INSTRUCTIONS TO FOLLOW:
Your answer should hold the data exactly as given, minus any picture.

(Short descriptive text snippets)
*** Block opens ***

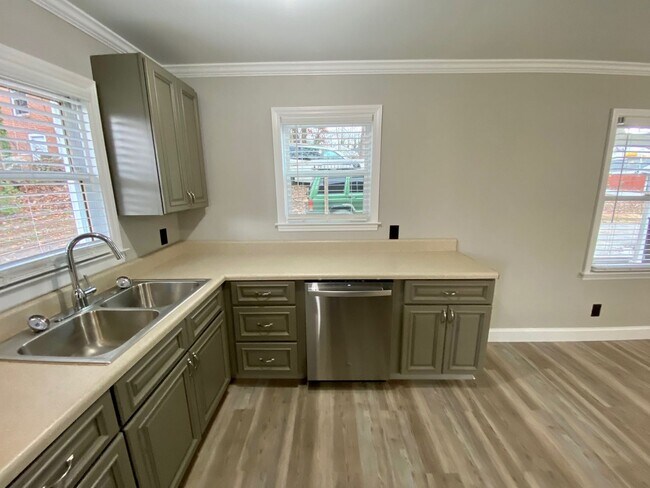Building Photo - West AVL - Remodeled and Ready!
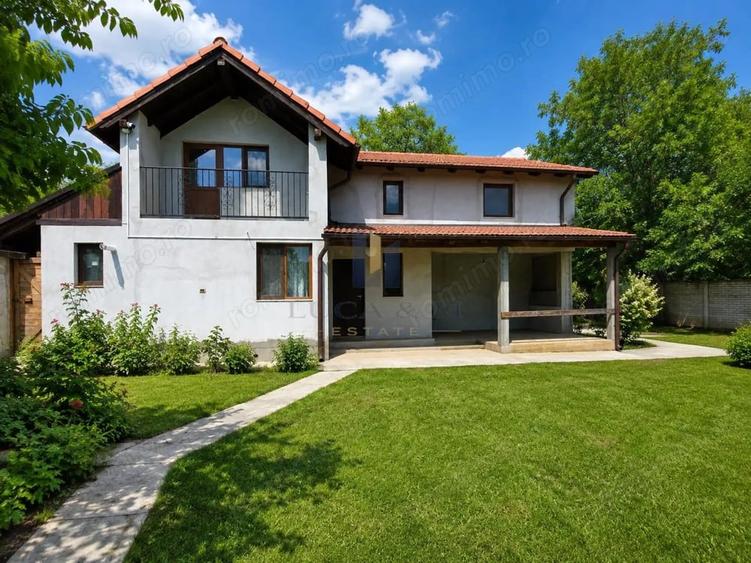Casă cu 3 camere cu Teren 1487 Mp în Cerneteaz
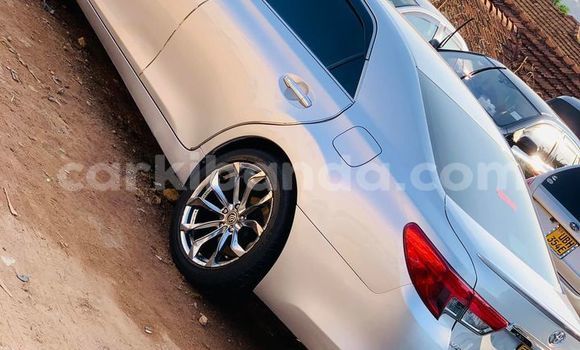 Acheter Occasion Voiture Toyota Mark X Gris à Kampala, Ouganda Acheter Occasion Voiture Toyota Mark X Gris à Kampala, Ouganda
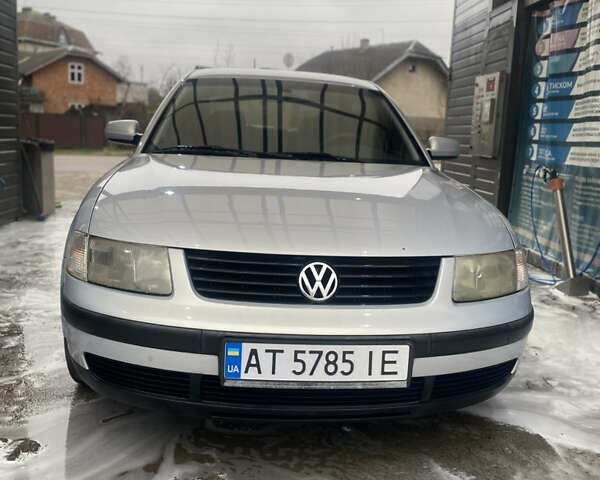 Серый Фольксваген Пассат, объемом двигателя 1.6 л и пробегом 300 тыс. км за 3999 $, фото 1 на Automoto.ua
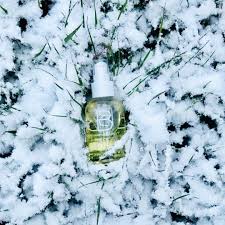 This Spring Snow Shower Has Got My Skin All Confused Here Is A Tip For This Snowy Humpday Add A Drop Of Beautycounter B Beautycounter Baby Oil Snow Showers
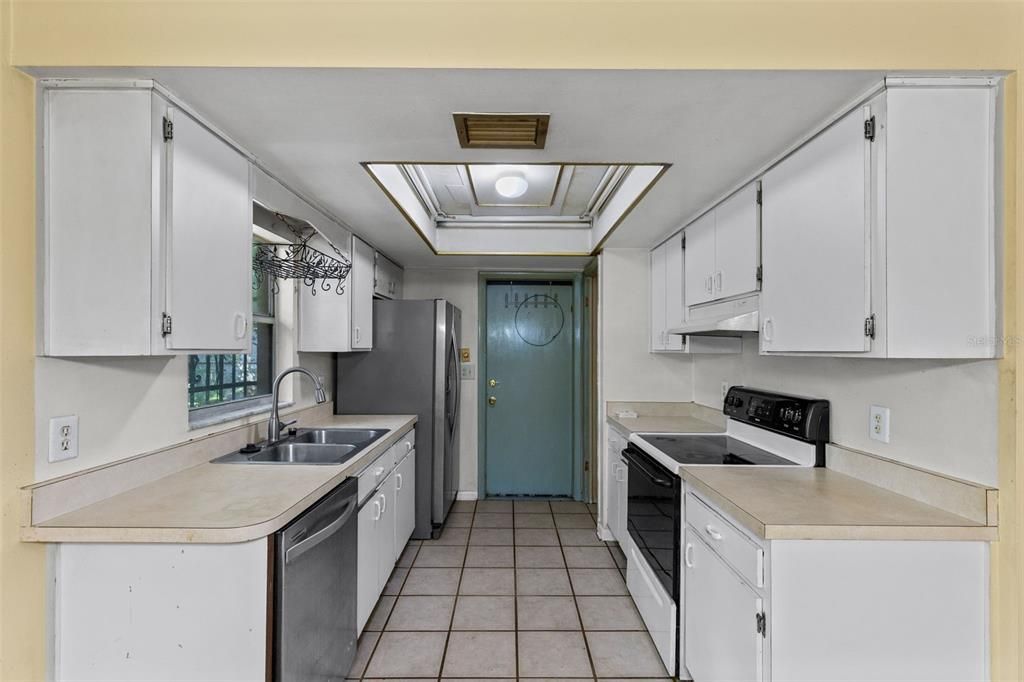 На продажу: $324,900 (3 спален, 2 ванн, 1150 Квадратных фут)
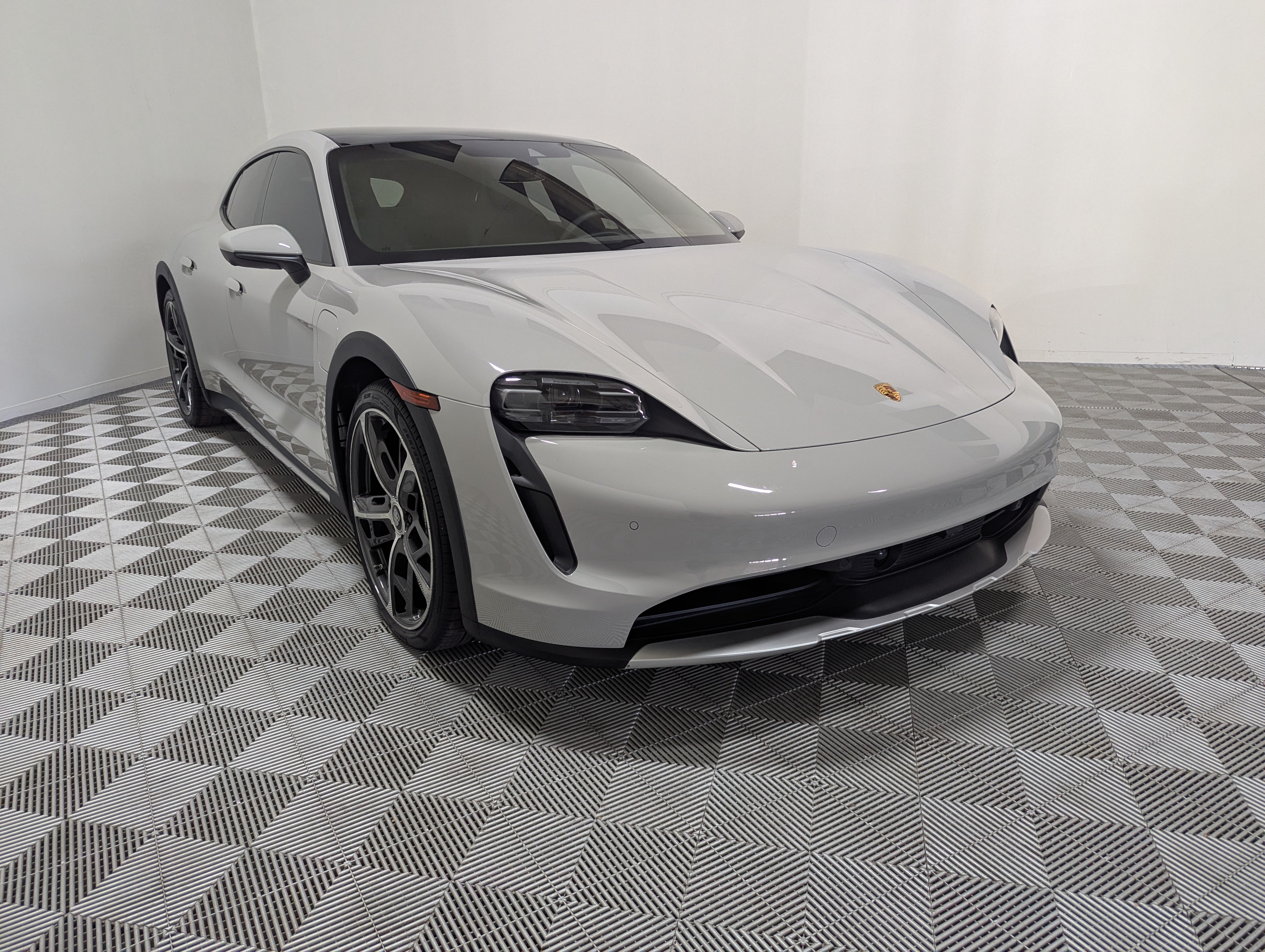 2022 Porsche Taycan 4 Cross Turismo 2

*** Block closes ***

EXERCISE RESPONSE:
Building Photo - West AVL - Remodeled and Ready!
Casă cu 3 camere cu Teren 1487 Mp în Cerneteaz
 Acheter Occasion Voiture Toyota Mark X Gris à Kampala, Ouganda Acheter Occasion Voiture Toyota Mark X Gris à Kampala, Ouganda
 Серый Фольксваген Пассат, объемом двигателя 1.6 л и пробегом 300 тыс. км за 3999 $, фото 1 на Automoto.ua
 This Spring Snow Shower Has Got My Skin All Confused Here Is A Tip For This Snowy Humpday Add A Drop Of Beautycounter B Beautycounter Baby Oil Snow Showers
 На продажу: $324,900 (3 спален, 2 ванн, 1150 Квадратных фут)
 2022 Porsche Taycan 4 Cross Turismo 2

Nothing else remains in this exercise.